What this task involves: Transcribe exactly, and only, the lines from the one containing "Two Bad Mice" through the end of the material.

╭──

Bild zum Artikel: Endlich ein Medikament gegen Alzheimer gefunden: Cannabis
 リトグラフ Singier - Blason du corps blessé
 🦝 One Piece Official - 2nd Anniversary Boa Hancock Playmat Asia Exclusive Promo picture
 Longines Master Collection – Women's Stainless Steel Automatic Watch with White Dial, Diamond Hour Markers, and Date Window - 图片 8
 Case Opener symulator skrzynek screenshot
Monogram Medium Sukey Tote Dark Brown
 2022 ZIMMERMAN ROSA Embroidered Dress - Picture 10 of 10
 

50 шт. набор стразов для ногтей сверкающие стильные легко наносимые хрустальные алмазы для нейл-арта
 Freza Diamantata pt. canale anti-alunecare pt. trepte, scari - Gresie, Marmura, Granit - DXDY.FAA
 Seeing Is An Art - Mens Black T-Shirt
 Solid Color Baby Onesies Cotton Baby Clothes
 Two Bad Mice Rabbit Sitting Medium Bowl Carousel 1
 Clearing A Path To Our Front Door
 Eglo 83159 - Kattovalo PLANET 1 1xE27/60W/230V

╰──

Expected answer:
 Two Bad Mice Rabbit Sitting Medium Bowl Carousel 1
 Clearing A Path To Our Front Door
 Eglo 83159 - Kattovalo PLANET 1 1xE27/60W/230V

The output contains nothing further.